Now that we setted the baseline model, let's deep into this and try to improve it. The first thing that comes to my mind after implementing a Machine Learning model on my data is that I would like to find a way to have the best settings possile of my baseline model by finding first the best combination of vectorizer and model architecture to have the best accuracy score possible.

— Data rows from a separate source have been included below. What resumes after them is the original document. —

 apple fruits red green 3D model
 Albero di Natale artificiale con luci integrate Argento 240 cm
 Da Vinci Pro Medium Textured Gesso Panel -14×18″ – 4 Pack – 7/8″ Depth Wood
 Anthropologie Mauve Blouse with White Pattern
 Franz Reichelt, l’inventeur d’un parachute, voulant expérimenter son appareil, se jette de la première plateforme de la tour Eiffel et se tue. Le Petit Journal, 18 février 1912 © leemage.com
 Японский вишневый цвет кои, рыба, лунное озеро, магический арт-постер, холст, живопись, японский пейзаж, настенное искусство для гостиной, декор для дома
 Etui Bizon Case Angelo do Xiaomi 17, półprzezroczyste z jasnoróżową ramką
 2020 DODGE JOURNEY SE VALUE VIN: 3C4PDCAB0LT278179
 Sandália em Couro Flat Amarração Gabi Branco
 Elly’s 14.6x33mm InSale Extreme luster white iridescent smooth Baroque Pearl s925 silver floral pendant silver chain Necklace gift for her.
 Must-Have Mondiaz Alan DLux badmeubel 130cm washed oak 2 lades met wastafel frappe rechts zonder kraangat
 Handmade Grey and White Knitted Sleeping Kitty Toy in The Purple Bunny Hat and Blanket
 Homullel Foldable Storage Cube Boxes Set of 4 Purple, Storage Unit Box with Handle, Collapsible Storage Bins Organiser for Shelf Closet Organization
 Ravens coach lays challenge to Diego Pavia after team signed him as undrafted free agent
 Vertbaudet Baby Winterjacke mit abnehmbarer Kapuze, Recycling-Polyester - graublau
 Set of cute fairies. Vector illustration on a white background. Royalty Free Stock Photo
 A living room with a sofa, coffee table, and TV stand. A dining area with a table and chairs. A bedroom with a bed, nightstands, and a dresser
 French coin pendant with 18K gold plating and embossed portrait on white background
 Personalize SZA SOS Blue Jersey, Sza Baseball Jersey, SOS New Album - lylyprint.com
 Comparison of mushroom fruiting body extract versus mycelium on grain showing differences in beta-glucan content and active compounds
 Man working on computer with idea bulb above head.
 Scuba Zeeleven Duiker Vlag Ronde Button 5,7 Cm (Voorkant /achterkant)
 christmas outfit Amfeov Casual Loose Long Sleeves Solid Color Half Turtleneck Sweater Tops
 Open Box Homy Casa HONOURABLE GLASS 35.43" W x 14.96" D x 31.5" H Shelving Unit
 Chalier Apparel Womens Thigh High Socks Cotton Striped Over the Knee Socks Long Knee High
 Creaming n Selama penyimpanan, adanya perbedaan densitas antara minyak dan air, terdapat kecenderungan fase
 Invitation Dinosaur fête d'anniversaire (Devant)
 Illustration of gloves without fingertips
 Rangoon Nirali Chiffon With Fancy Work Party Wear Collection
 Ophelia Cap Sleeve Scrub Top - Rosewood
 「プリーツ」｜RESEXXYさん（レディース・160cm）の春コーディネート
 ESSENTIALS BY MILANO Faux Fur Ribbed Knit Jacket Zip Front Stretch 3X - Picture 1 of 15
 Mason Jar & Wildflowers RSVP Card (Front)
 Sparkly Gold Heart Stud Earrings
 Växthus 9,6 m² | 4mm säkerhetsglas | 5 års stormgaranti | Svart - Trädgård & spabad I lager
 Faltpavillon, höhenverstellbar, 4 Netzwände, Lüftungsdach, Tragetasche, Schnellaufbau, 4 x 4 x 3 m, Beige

To do this, let's use sklearn.model_selection.GridSearchCV that will allow us to find directly the best combination possible given a bunch of combination :

#### Parameters of our GridSearchCV

For running time purposes, many model architectures are commented but have been tested and give the same result :

In [16]:
parameters = {
    'Vectorizer': [CountVectorizer(preprocessor=preprocess_text), TfidfVectorizer(preprocessor=preprocess_text)],
    'Model_Architecture': [MultinomialNB(), SVC(random_state=42)]
}
# OTHER MODEL ARCHITECTURES TESTED :
# RandomForestClassifier(random_state=42), KNeighborsClassifier(), XGBClassifier(random_state=42), LogisticRegression(), GradientBoostingClassifier(random_state=42)

To be able to run that method of search with our class I created a Model.fit_with_grid_search() method in the mlModel.py file :

In [17]:
# Instantiate the model
baseline_model = Model(X, y, MultinomialNB(), CountVectorizer(preprocessor=preprocess_text))

# Fit with GridSearchCV
baseline_model.fit_with_grid_search(parameters)

# Get the best estimator
best_estimator = baseline_model.grid_search.best_estimator_

# Get the accuracy score
accuracy_score = baseline_model.grid_search.best_score_

# Print the best parameters and accuracy score
print("Best parameters:", baseline_model.grid_search.best_params_)
print("Best accuracy score:", accuracy_score)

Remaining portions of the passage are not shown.